Etant rappelé que l’uniformité des délais avant la loi précitée, soit 30 ans dans les deux cas, n’était qu’apparente, la doctrine étant hésitante sur le point de départ de ladite responsabilité : date du fait dommageable, date de la réception ou date de la survenance du dommage , tandis que la jurisprudence ne s’est jamais prononcée à cet égard, car les espèces qui lui étaient soumises lui permettaient de faire l’économie de cette précision puisqu’elles concernaient des dommages qui étaient apparus après l’expiration du délai de l’action en garantie décennale mais jamais de plus de 30 ans après la date du fait dommageable.
– l’absence d’assimilation – à l’inverse du droit commun de la responsabilité – de la faute lourde au dol,
– le fait que, ce qui justifie « la perte de la protection que constitue, pour les locateurs d’ouvrage, le terme du délai de forclusion décennale qui met fin à la responsabilité de plein droit de l’article 1792 du code civil », c’est seulement la fraude ou la dissimulation.
M. Weber a en conséquence :
– proposé l’abandon de l’exigence de l’intention de nuire, tout en ayant parfaitement conscience qu’un tel abandon pourrait « faciliter à l’excès la remise en cause de la forclusion décennale »,
– proposé, « afin de limiter ce risque », de définir la faute dolosive, permettant de s’affranchir de la forclusion décennale comme celle consistant en la violation délibérée par dissimulation ou fraude des obligations contractuelles.

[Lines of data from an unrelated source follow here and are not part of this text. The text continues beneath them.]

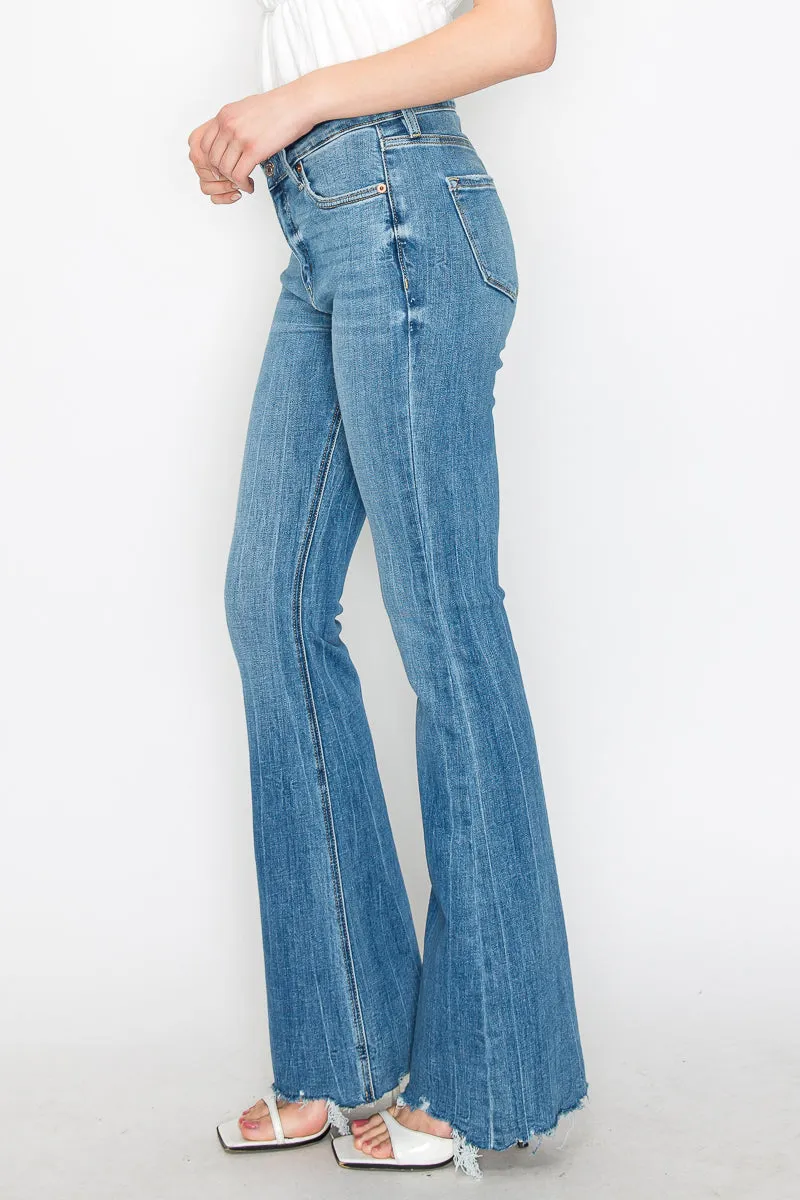 Melli High Rise Flare Jeans W/ Frayed Hem Jeans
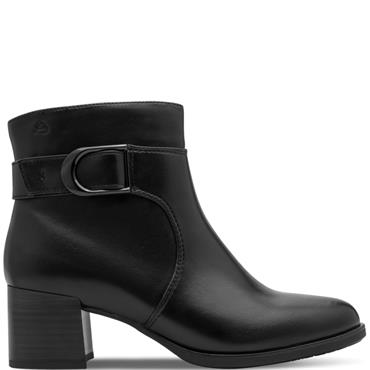 JANA WOMENS BLOCK HEEL 2 ZIP ANKLE BOOT - BLACK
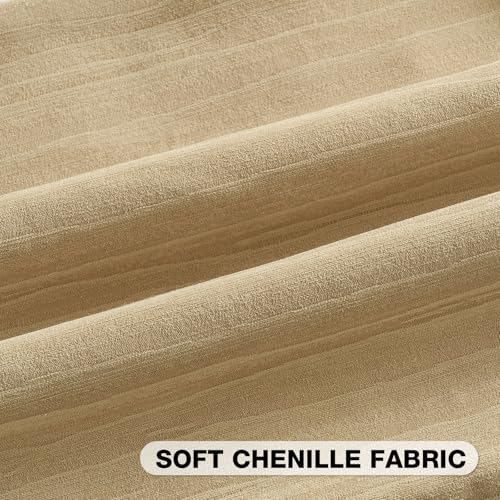 FUTEI Pack of 2 Chenille Striped Throw Pillow Covers 16x16 Inch,Apricot - color: Apricot, size: 16" x 16" (Pack of 2)
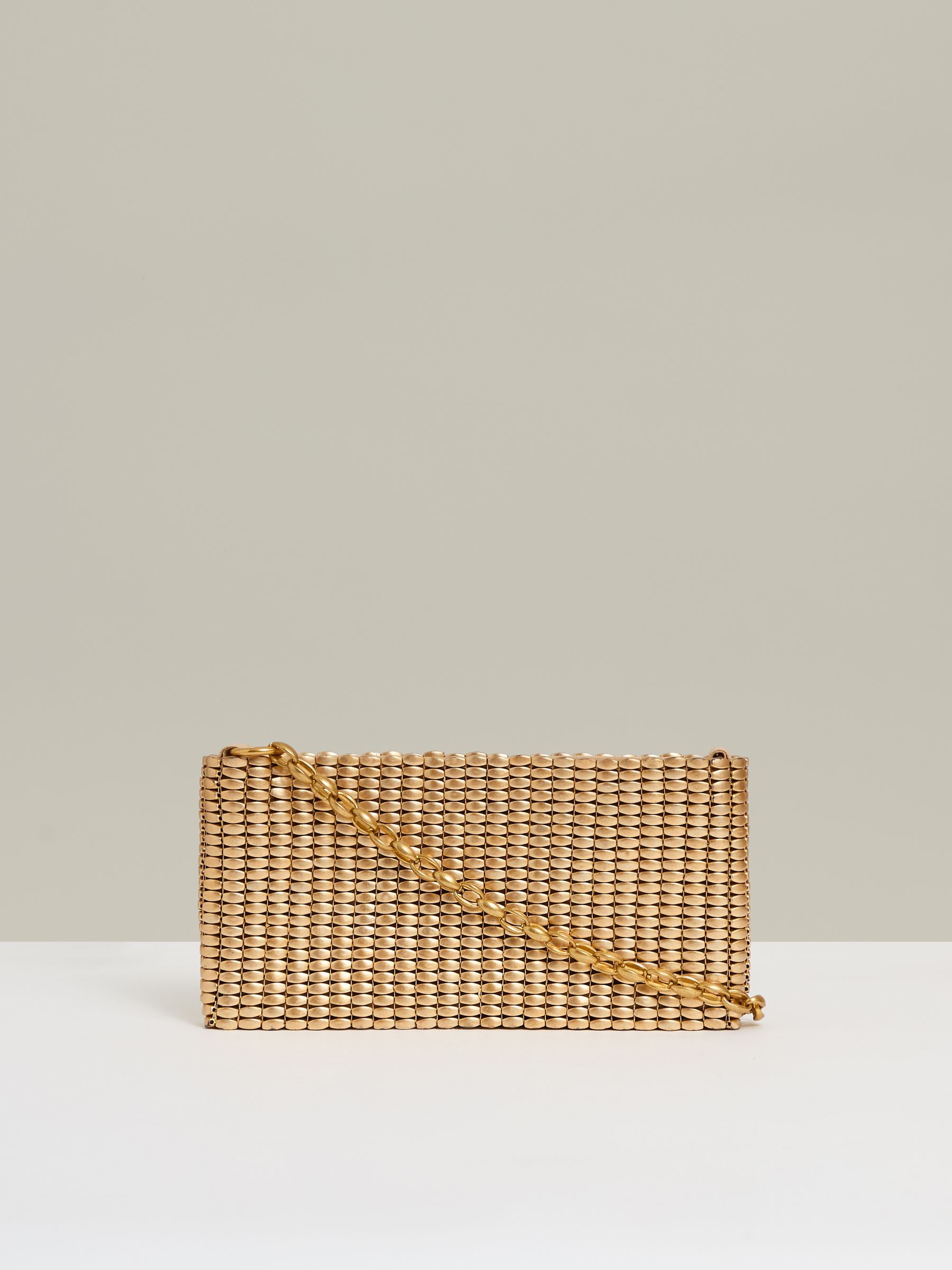 Beaded Removable Strap Shoulder Bag in Gold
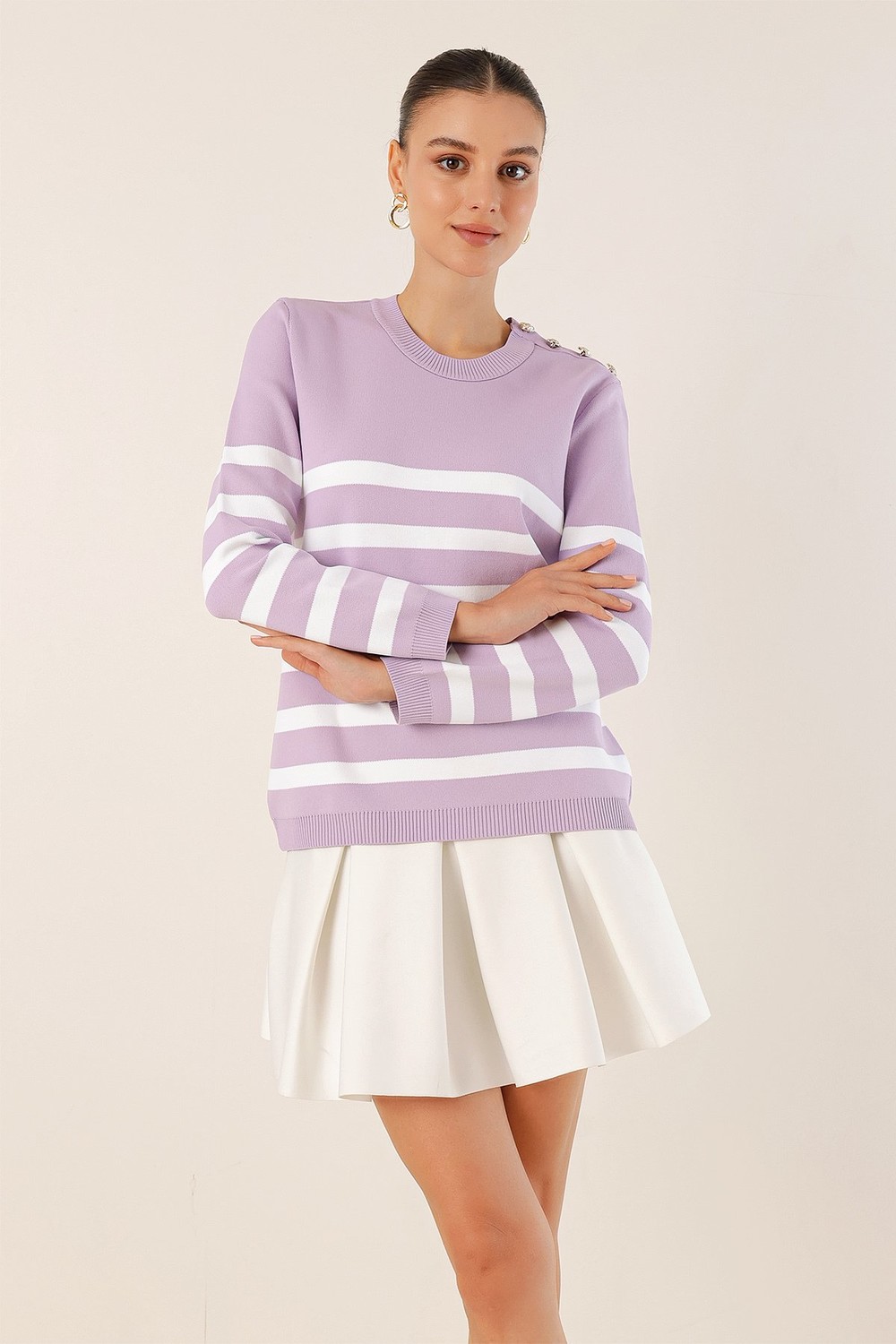 Bigdart 15820 Button Detail Striped Sweater - Lilac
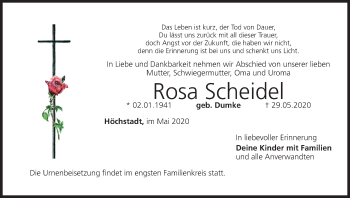 Anzeige von Rosa Scheidel von MGO
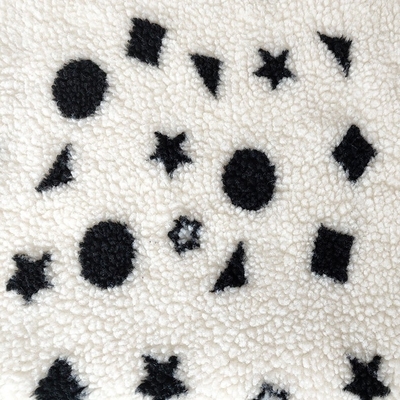 Le fil noir et blanc de jacquard de tissu d'ouatine de Sherpa a teint pour le plancher Mats Pillow de Backoack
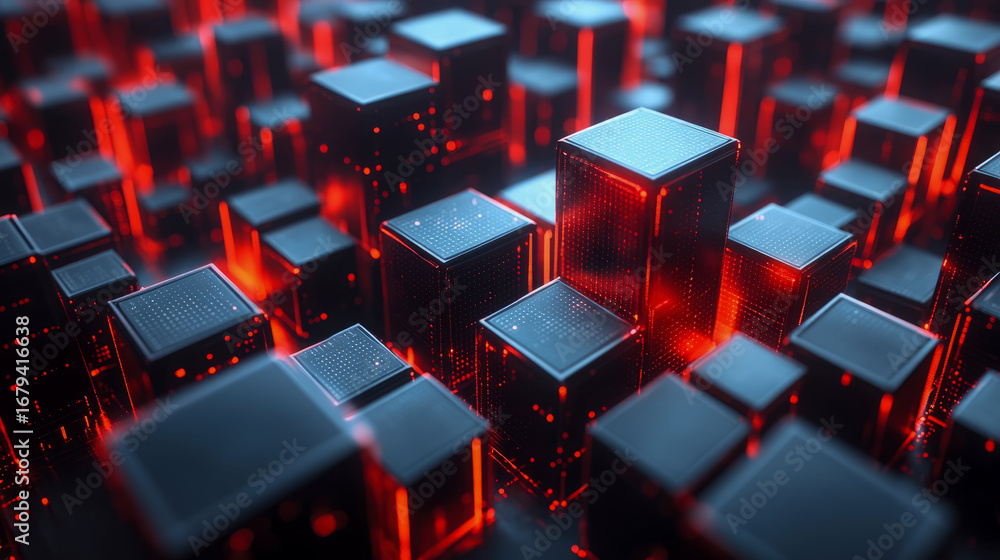 Poster futuristic digital landscape of glowing red data blocks and intricate circuits forming abstract tech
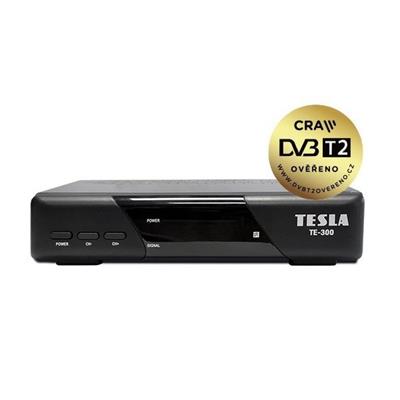 TESLA DVB-T/T2 přijímač TE-300/ Full HD/ H.265/HEVC/ CRA ověřeno/ FTA/ PVR/ EPG/ USB/ HDMI/ SCART/ černý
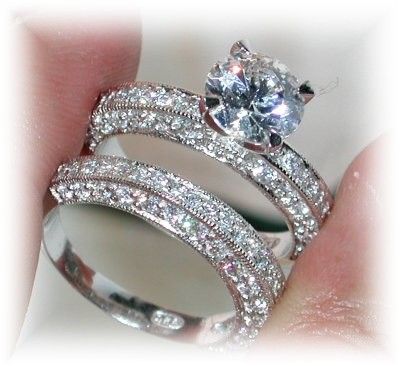 5CT CZ WEDDING ENGAGEMENT 2 RING SET SZ 5 6 7 8 9  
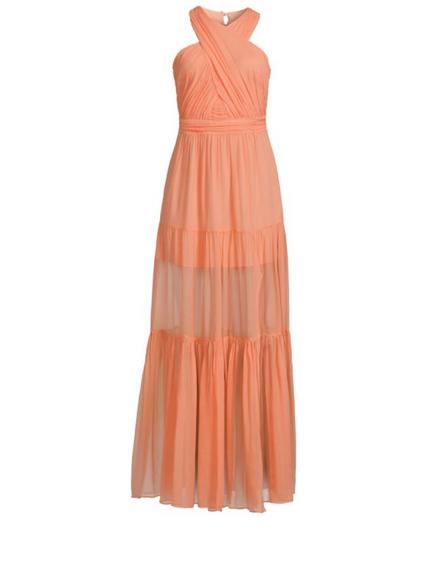 Veronica Beard Florencia Coral Silk dress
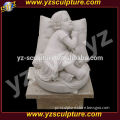 outdoor decoration hand carved white marble sleeping baby statue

Cette définition a été adoptée, à un mot près, par l’arrêt rapporté qui reprend les termes « de propos délibéré » utilisés par la 1re Chambre civile présidée par M. Aydalot dans un arrêt du 4 février 1969 qui avait cassé pour la violation de l’article 1150 du code civil un arrêt d’une cour d’appel qui, pour admettre l’efficacité d’une clause pénale et refuser de l’écarter, avait relevé que l’intention de nuire n’était pas démontrée, le chapeau dudit arrêt énonçant que « le débiteur commet une faute dolosive lorsque, de propos délibéré, il se refuse à exécuter ses obligations contractuelles, même si ce refus n’est pas édicté par l’intention de nuire »
La Cour suprême énonce donc dans l’arrêt rapporté :
« Mais attendu que le constructeur, nonobstant la forclusion décennale, est sauf faute extérieure au contrat, contractuellement tenu à l’égard du maître de l’ouvrage de sa faute dolosive, lorsque, de propos délibéré même sans intention de nuire, il viole par dissimulation ou par fraude ses obligations contractuelles ».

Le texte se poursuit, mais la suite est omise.